Workers will not be able to succeed with a whistleblowing claim unless they reasonably believe that making the protected disclosure is in the public interest. Due to the introduction of a public interest test, the requirement of good faith when making the disclosure has been removed. However, if a Tribunal consider that a disclosure was made in bad faith (i.e. motivated primarily by money or spite) then they can reduce any compensation by up to 25%.
Finally, the Act introduces the concept of vicarious liability for employers for detriments, on the grounds that a worker made a protected disclosure, by other workers on the worker making the disclosure.
The two year qualifying period for unfair dismissal claims has been removed where the reason for the dismissal was the political affiliations or opinions of the employee. This is a direct result of the Redfearn case. Bear in mind though that it does not mean that any such dismissal will necessarily be unfair only that a claim can be raised without the need for qualifying service.

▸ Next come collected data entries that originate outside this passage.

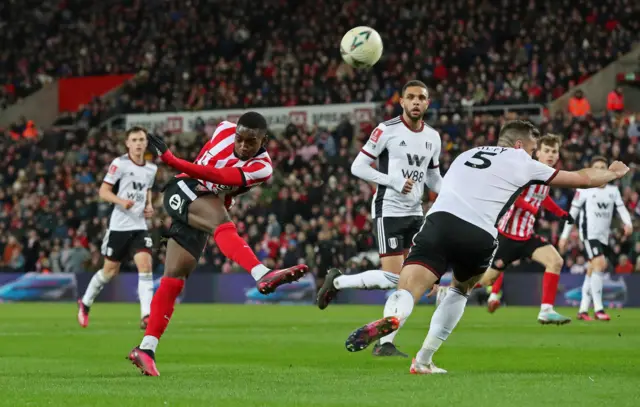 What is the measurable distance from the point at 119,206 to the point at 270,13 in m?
25.5

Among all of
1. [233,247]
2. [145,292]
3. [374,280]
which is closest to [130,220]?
[145,292]

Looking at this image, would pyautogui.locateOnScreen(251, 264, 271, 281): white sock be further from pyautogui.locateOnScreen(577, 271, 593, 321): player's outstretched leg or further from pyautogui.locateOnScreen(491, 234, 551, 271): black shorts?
pyautogui.locateOnScreen(577, 271, 593, 321): player's outstretched leg

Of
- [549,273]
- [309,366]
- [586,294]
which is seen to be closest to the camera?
[309,366]

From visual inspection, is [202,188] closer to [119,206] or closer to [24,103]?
[119,206]

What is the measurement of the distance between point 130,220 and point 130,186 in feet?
1.85

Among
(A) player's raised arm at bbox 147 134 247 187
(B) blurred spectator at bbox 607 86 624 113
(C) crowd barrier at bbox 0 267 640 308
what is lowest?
(C) crowd barrier at bbox 0 267 640 308

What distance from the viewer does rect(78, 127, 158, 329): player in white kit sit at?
706 inches

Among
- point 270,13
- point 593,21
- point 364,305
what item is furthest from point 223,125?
point 270,13

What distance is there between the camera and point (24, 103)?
146 feet

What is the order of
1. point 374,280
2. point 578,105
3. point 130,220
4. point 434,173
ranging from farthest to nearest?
point 578,105 < point 130,220 < point 434,173 < point 374,280

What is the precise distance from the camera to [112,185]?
59.0ft

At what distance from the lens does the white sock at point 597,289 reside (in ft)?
65.2

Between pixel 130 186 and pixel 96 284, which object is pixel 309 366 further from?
pixel 96 284

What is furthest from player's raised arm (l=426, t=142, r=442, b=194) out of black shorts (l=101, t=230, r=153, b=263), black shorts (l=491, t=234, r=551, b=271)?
black shorts (l=101, t=230, r=153, b=263) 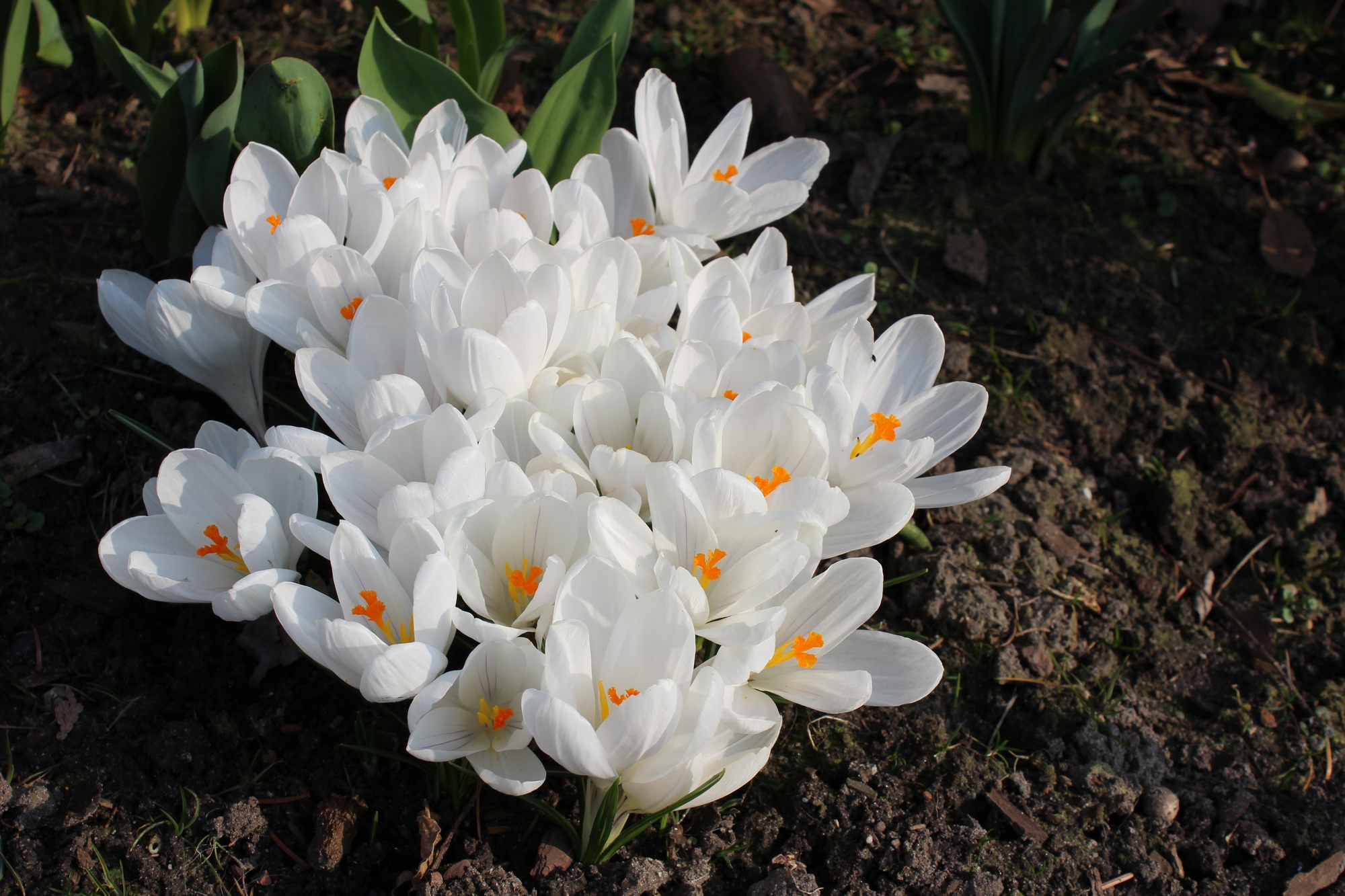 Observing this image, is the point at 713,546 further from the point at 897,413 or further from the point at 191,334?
the point at 191,334

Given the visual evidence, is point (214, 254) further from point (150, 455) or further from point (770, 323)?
point (770, 323)

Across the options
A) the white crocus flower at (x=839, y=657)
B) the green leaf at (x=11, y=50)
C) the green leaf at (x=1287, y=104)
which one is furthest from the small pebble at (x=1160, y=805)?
the green leaf at (x=11, y=50)

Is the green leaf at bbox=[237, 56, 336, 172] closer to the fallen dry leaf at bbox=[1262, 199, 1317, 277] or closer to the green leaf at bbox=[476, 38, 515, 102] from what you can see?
the green leaf at bbox=[476, 38, 515, 102]

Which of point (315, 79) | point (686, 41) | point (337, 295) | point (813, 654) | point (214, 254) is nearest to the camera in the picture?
point (813, 654)

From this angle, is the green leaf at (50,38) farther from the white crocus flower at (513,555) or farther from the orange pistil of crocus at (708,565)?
the orange pistil of crocus at (708,565)

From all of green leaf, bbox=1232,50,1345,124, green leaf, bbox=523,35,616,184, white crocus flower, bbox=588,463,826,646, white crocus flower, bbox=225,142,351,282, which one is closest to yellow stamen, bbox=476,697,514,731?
white crocus flower, bbox=588,463,826,646

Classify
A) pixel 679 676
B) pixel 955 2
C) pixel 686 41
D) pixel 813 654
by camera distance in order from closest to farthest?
1. pixel 679 676
2. pixel 813 654
3. pixel 955 2
4. pixel 686 41

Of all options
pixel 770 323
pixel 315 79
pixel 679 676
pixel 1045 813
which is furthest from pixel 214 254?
pixel 1045 813
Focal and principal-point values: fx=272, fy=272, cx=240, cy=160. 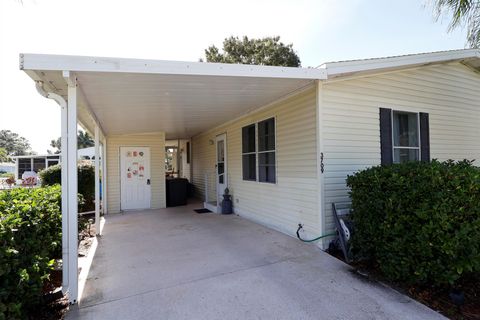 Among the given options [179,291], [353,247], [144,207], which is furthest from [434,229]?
[144,207]

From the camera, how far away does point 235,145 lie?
7488 mm

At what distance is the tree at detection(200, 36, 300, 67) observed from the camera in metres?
21.9

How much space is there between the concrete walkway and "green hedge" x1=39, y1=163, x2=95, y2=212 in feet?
12.3

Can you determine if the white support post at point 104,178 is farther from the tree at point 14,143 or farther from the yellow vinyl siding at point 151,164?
the tree at point 14,143

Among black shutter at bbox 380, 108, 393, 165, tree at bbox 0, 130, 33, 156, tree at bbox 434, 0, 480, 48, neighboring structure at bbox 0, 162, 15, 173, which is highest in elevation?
tree at bbox 0, 130, 33, 156

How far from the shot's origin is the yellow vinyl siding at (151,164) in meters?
8.56

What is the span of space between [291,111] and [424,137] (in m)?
2.75

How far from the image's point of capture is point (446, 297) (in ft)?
9.47

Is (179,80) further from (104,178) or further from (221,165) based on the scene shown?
(104,178)

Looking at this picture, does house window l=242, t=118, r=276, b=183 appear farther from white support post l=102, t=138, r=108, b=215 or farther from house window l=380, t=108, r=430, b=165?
white support post l=102, t=138, r=108, b=215

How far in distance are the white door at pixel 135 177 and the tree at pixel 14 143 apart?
211 feet

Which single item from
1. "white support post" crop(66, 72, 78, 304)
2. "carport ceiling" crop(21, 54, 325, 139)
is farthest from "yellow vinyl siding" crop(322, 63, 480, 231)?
"white support post" crop(66, 72, 78, 304)

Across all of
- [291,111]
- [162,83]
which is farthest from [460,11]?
[162,83]

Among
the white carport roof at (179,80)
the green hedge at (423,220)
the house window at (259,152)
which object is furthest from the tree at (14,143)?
the green hedge at (423,220)
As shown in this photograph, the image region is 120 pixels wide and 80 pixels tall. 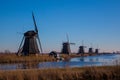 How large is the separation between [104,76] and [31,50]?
119ft

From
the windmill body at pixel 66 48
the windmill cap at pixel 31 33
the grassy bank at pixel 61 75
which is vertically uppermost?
the windmill cap at pixel 31 33

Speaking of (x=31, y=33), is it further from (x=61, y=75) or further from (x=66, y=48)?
(x=61, y=75)

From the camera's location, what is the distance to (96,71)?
1446cm

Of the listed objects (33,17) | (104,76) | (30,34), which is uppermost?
(33,17)

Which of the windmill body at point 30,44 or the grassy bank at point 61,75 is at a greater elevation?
the windmill body at point 30,44

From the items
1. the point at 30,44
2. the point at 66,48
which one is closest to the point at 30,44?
the point at 30,44

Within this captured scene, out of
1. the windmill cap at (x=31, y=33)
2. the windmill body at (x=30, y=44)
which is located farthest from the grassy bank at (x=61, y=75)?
the windmill cap at (x=31, y=33)

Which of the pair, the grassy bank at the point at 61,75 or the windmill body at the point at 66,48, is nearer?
the grassy bank at the point at 61,75

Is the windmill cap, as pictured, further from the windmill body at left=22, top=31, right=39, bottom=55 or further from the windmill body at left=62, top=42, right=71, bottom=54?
the windmill body at left=62, top=42, right=71, bottom=54

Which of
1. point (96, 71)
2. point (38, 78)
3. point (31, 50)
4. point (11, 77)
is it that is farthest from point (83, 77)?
point (31, 50)

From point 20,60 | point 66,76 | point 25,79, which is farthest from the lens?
point 20,60

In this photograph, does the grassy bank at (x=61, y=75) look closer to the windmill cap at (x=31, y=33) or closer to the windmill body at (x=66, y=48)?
the windmill cap at (x=31, y=33)

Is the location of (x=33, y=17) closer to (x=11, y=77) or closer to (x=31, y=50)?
(x=31, y=50)

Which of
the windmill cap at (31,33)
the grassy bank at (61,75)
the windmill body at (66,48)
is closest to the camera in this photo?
the grassy bank at (61,75) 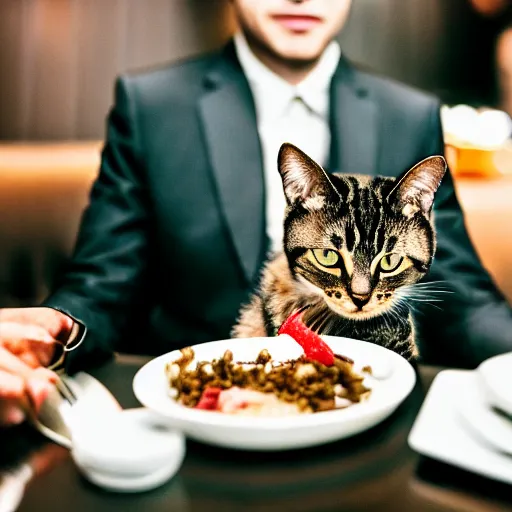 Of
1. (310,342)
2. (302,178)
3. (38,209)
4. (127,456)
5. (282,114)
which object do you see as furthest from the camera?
(38,209)

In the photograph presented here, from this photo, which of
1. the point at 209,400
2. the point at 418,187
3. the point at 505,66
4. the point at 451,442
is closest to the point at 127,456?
the point at 209,400

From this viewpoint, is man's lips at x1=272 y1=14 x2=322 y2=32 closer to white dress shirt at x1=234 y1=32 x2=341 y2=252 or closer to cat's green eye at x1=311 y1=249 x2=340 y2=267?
white dress shirt at x1=234 y1=32 x2=341 y2=252

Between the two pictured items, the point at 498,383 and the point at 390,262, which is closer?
the point at 498,383

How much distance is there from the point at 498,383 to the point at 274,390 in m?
0.19

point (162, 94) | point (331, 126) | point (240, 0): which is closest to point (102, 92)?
point (162, 94)

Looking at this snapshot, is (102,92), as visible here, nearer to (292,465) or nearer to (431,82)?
(431,82)

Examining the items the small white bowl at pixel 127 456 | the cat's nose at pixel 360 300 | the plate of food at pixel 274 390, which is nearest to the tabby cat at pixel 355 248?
the cat's nose at pixel 360 300

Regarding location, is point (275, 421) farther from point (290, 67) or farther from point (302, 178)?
point (290, 67)

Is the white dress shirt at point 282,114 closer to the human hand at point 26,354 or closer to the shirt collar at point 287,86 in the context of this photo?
the shirt collar at point 287,86

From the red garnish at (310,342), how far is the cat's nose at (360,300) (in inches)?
2.8

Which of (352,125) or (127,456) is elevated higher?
(352,125)

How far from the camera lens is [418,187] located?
0.72m

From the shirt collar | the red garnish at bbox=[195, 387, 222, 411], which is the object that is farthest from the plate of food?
the shirt collar

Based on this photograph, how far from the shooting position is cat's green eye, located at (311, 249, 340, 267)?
71 centimetres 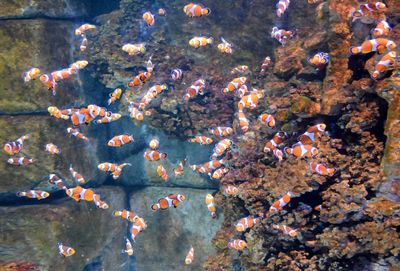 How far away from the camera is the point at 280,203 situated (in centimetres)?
485

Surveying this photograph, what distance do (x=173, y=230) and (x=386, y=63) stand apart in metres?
7.08

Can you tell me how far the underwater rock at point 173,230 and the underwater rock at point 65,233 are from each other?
651mm

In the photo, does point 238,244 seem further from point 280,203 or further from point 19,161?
Answer: point 19,161

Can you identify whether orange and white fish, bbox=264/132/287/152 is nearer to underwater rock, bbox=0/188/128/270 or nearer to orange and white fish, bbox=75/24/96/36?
underwater rock, bbox=0/188/128/270

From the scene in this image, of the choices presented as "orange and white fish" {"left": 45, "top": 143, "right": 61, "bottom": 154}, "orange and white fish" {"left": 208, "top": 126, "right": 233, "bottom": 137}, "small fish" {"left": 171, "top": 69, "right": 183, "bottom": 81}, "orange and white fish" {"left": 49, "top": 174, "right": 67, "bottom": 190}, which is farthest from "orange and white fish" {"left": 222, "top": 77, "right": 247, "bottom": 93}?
"orange and white fish" {"left": 49, "top": 174, "right": 67, "bottom": 190}

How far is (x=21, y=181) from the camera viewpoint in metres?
7.98

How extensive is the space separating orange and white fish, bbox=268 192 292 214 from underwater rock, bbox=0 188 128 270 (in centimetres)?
566

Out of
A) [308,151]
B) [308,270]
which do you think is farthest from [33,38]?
[308,270]

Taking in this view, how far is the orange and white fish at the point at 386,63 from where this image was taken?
4.16 m

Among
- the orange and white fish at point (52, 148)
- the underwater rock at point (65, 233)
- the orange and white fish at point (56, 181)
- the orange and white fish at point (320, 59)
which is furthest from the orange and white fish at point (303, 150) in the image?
the underwater rock at point (65, 233)

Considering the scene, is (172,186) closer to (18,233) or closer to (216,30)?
(18,233)

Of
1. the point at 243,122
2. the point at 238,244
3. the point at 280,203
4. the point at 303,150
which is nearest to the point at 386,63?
the point at 303,150

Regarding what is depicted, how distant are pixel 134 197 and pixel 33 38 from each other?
5.14 metres

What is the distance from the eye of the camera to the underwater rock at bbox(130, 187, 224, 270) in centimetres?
Answer: 886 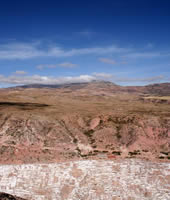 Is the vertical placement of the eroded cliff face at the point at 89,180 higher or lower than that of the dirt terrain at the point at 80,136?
lower

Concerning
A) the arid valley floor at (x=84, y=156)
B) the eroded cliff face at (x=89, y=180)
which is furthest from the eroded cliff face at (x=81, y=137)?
the eroded cliff face at (x=89, y=180)

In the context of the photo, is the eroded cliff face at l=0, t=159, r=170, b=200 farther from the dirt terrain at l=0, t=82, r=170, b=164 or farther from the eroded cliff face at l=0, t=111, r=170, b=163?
the eroded cliff face at l=0, t=111, r=170, b=163

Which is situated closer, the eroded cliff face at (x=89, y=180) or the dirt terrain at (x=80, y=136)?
the eroded cliff face at (x=89, y=180)

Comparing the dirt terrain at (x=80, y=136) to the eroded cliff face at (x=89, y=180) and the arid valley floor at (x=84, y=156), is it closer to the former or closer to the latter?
the arid valley floor at (x=84, y=156)

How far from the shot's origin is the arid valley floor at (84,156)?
40.9 meters

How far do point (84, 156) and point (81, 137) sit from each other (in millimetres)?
11160

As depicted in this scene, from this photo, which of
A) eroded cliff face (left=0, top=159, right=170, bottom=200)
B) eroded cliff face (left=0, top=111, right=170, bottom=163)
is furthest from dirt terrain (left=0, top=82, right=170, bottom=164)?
eroded cliff face (left=0, top=159, right=170, bottom=200)

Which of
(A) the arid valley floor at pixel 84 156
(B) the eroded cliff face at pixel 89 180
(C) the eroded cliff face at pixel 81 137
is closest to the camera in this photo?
(B) the eroded cliff face at pixel 89 180

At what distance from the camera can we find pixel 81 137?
6053 centimetres

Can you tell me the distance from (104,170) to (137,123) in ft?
94.2

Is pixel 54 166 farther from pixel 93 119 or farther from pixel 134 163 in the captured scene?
pixel 93 119

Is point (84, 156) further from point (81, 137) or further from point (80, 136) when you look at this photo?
point (80, 136)

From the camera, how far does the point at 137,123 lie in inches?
2630

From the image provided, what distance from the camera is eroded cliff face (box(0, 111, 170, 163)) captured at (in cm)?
5069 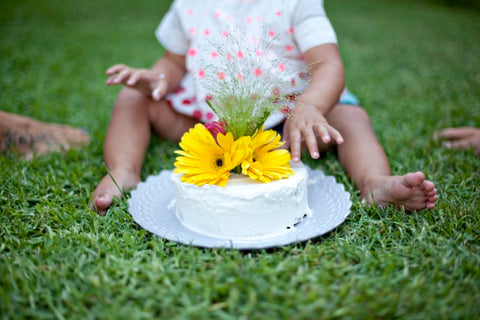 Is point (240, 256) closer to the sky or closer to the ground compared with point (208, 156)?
closer to the ground

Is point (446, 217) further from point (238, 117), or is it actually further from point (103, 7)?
point (103, 7)

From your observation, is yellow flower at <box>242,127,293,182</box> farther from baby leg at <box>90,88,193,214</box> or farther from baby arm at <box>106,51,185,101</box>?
baby arm at <box>106,51,185,101</box>

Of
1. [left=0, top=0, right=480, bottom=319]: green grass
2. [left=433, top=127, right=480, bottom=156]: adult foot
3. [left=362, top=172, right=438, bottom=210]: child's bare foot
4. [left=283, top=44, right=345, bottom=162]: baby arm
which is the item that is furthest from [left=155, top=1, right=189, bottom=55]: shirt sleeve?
[left=433, top=127, right=480, bottom=156]: adult foot

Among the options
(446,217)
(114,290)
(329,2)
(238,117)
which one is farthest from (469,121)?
(329,2)

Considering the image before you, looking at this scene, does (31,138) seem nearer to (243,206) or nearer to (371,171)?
(243,206)

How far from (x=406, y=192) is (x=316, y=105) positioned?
417mm

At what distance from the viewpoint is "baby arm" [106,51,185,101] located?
64.5 inches

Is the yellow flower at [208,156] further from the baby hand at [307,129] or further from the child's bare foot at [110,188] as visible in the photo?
the child's bare foot at [110,188]

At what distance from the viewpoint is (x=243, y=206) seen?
3.84 ft

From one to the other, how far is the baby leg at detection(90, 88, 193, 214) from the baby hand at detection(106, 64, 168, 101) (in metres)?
0.09

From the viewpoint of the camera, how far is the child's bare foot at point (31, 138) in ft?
6.27

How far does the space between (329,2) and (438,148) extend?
7.63m

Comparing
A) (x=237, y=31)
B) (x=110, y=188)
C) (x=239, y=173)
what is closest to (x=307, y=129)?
(x=239, y=173)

The Secretary of State is now permitted to vary the statutory limit of the compensatory award for unfair dismissal claims by either increasing or decreasing it. Different amounts may be specified for employers of different descriptions. No change has been made at present but later this summer compensatory awards for unfair dismissal will be capped at the lower of £74,200 or one year's (gross) pay.
The Government now has the power to amend the Equality Act 2010 to specifically provide that discrimination on the grounds of caste as an aspect of race is unlawful. It is not anticipated though that the legislation will be in force for another year or two.
The general rule will now be that Employment Appeal Tribunal judges will sit alone as opposed to hearing an appeal with two lay people present.